Another recent bill Hendon sponsored was aimed at expanding opportunities for minority owned businesses to compete and ultimately bring additional film projects and television studios to Illinois.

There was substantial tension between Hendon and then colleague Barack Obama, culminating after five years in a 2002 shoving match. Nonetheless, Hendon supported Obama in the 2008 presidential election.

In 2009, Senator Hendon was a principal proponent of a bill for $31 billion in capital-spending for education passed in May by the state Legislature. Part of the bill would have ensured that 40 million in funds would go to Chicago State University for a West Side campus. The interim president said he had no knowledge of plans for West Side branch.
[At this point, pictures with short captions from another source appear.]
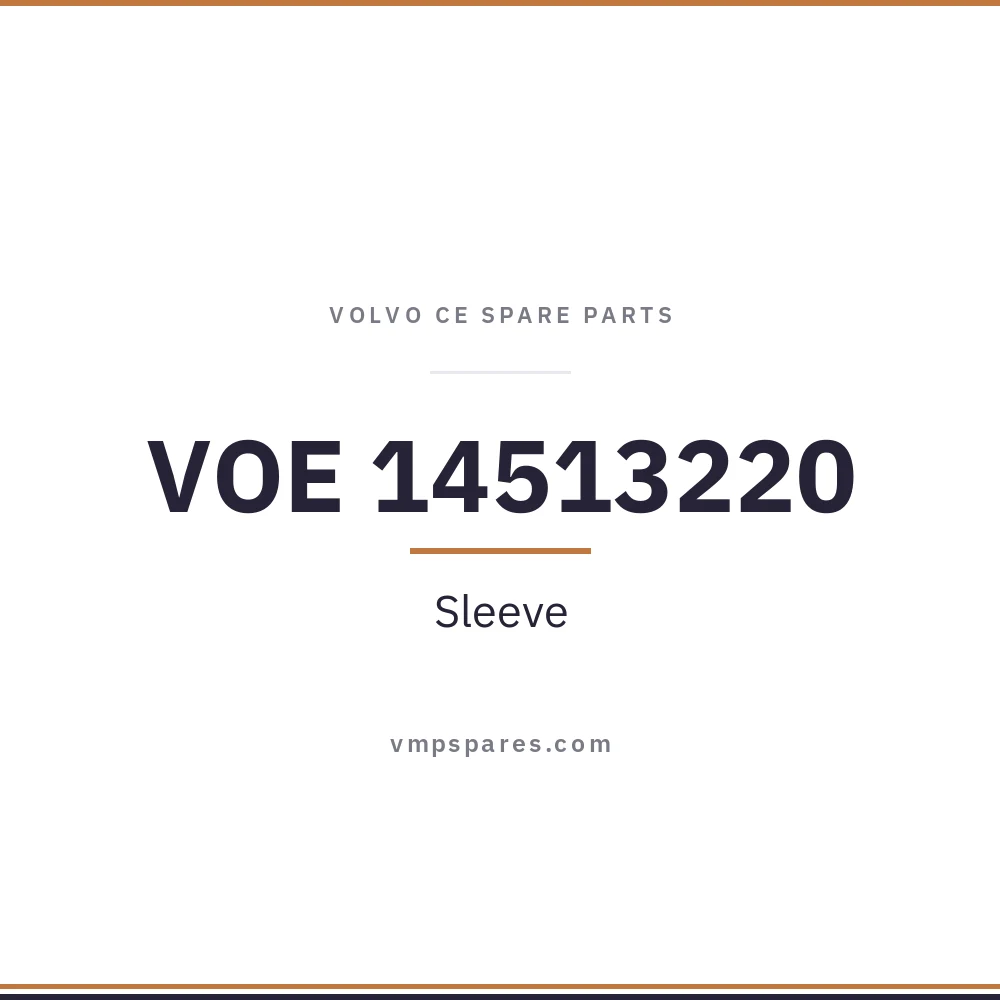 VOE 14513220 – Sleeve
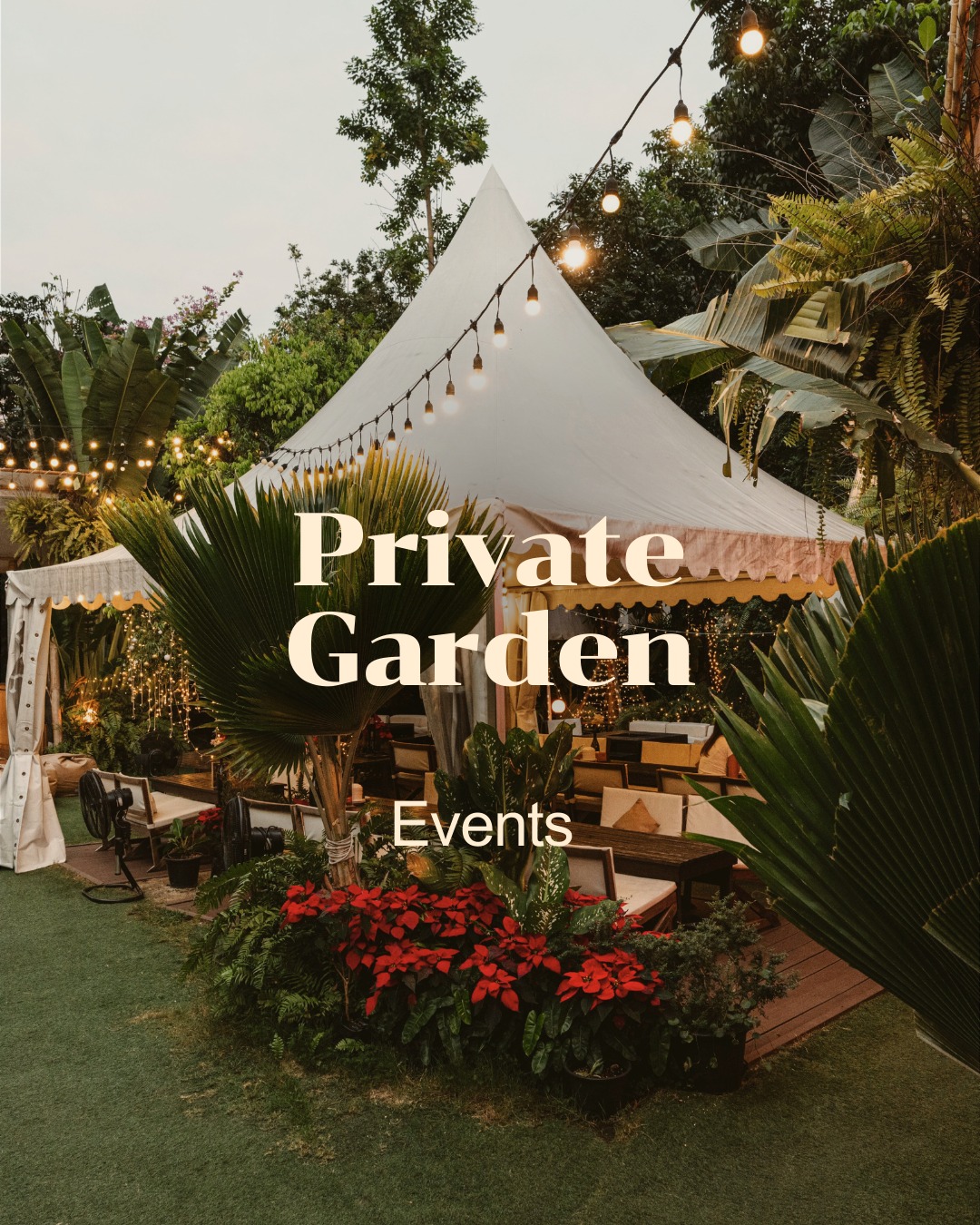 TAP YARD Facebook ad: Looking for a private event venue in Thong…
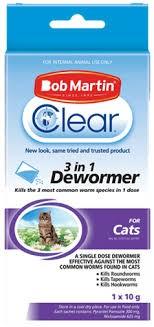 Dewormer B/M (Cat) 3 In 1
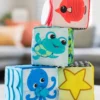 Baby Einstein - Sensoriska tygklossar för bebisar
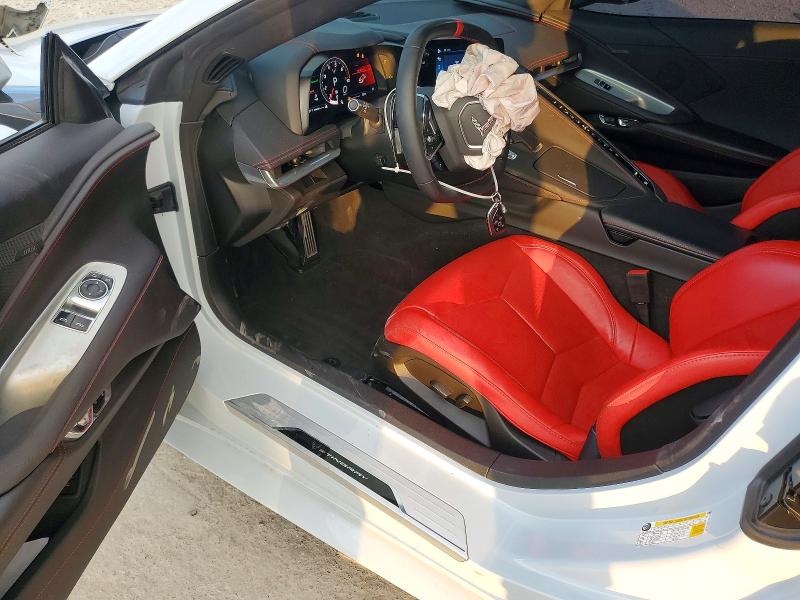 Photo 8 from auction – 2024 CHEVROLET CORVETTE S with VIN 1G1YA2D48R5119786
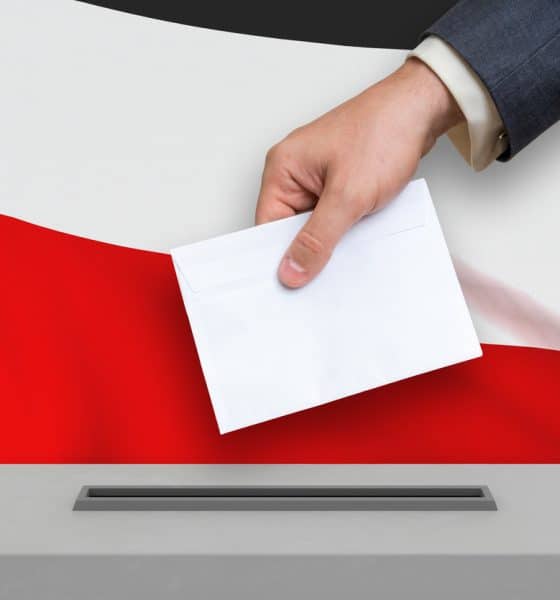 wybory polska urna głosowanie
However, a 2007 feasibility study indicated strong community and prospective student support for a satellite campus. He resigned his elected office in the Illinois State on 2/24/11.

== Controversies ==
In October 2010, a federal grand jury issued subpoenas for state grants sponsored by Hendon, and there is currently an investigation going on regarding those grants. In that same month, Hendon made "nasty" remarks about State Senator Bill Brady, who was the Republican nominee for Governor. While introducing Illinois Governor Pat Quinn, Hendon told the crowd that he had "never served with such an idiotic, racist, sexist, homophobic person in my life... If you think that women have no rights whatsoever, except to have his children, vote for Bill Brady. If you think gay and lesbian people need to be locked up and shot in the head, vote for Bill Brady." Hendon's remarks were immediately disavowed by Governor Quinn, among others, and Hendon was sharply criticized by members of the Illinois media. Hendon later tried to apologize to Brady on the Senate floor, but Brady would not accept his apology.

== Personal life ==
Hendon was born in Cleveland, Ohio. He and his wife, Dawn, have five children. They attend Mt. Sinai Baptist Church. Hendon was leader of the Senate softball team. In 1992 he wrote and starred in the film "Butterscotch and Chocolate."